Mercer kernel

A Mercer Kernel on a space $\mathcal{X}$ is a symmetric function $K:\mathcal{X}\times \mathcal{X}\to \mathbb{R}$ which is symmetric and positive semi-definite. That is, $K(x,y)=K(y,x)$ for all $x$ and $y$ and

$$\int \int K(x,y)f(x)f(y)p(x)p(y)dxdy\ge 0,$$

for all $f:\mathcal{X}\to \mathbb{R}$, where $p$ is a probability measure on $\mathcal{X}$. This means that $K$ is positive semi-definite. In a discrete space this reduces to the usual definition: $x^{t}Kx\ge 0$ for all $x$.

Mercer kernels can be used to construct an RKHS (indeed, each $K$ uniquely defines an RKHS and each RKHS is defined some $K$) and are therefore a major feature of RKHS regression. They are also used in nonparametric density estimation.

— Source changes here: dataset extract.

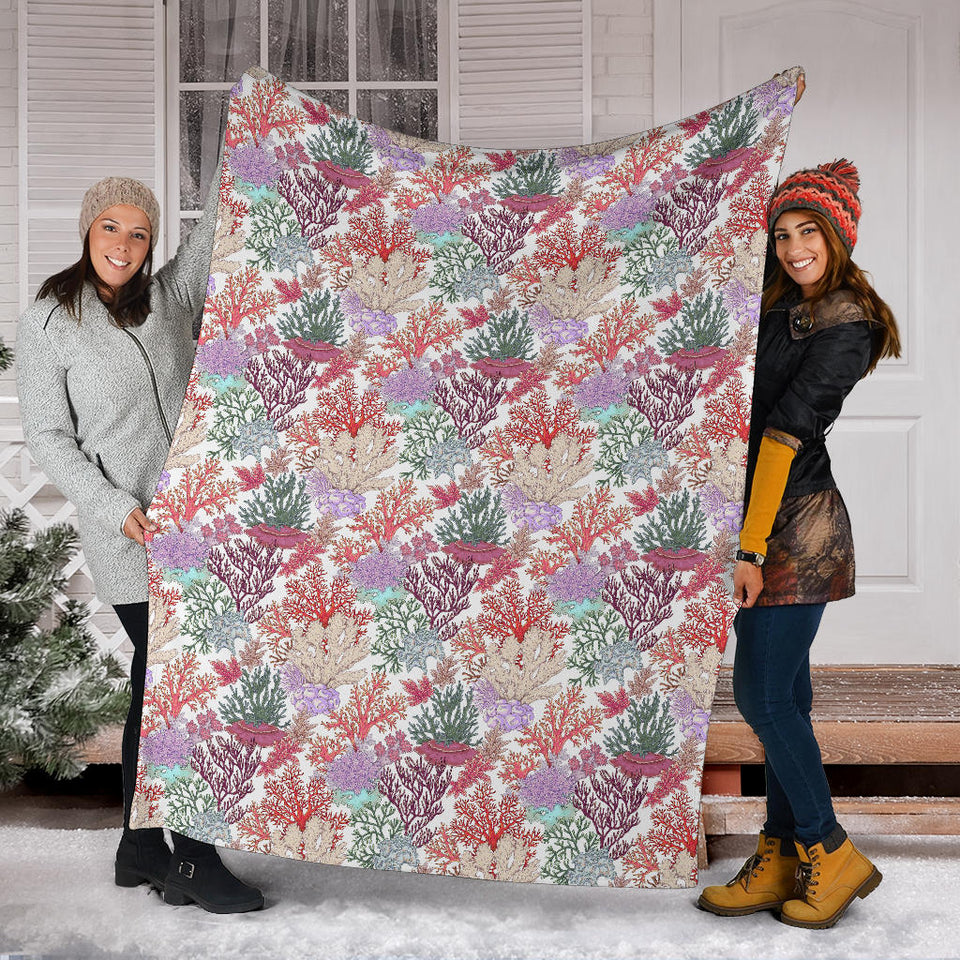 Coral Reef Pattern Print Design 03 Premium Blanket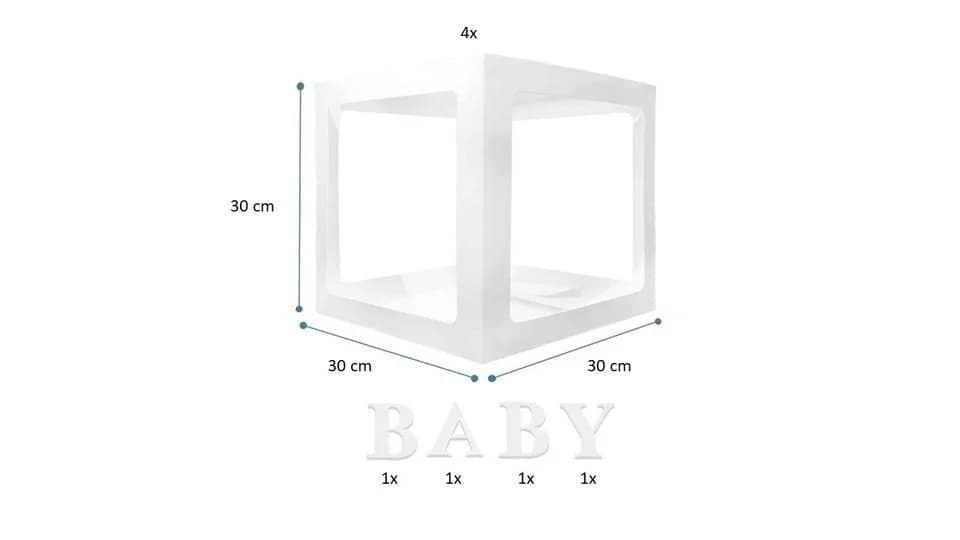 PartyFlamingo Transparente Babyboxen Set 4-tlg. Weiß Dekoration Babyparty - Bild 5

Note that Mercer Kernels are distinct from smoothing kernels, which are used in kernel regression, for instance.

$L_2$ basis

If the Kernel obeys ${\sup }_{x,y}K(x,y)$ then we can find a series of orthonormal functions $\{{\psi }_i\}$ such that

$$\int K(x,y){\psi }_i(x)dx={\lambda }_i{\psi }_i(y),$$

for some ${\lambda }_i$. This impliest that $K(x,y)={\sum }_i{\lambda }_i{\psi }_i(x){\psi }_i(y)$ where we can order ${\lambda }_1\ge {\lambda }_2\ge \dots$.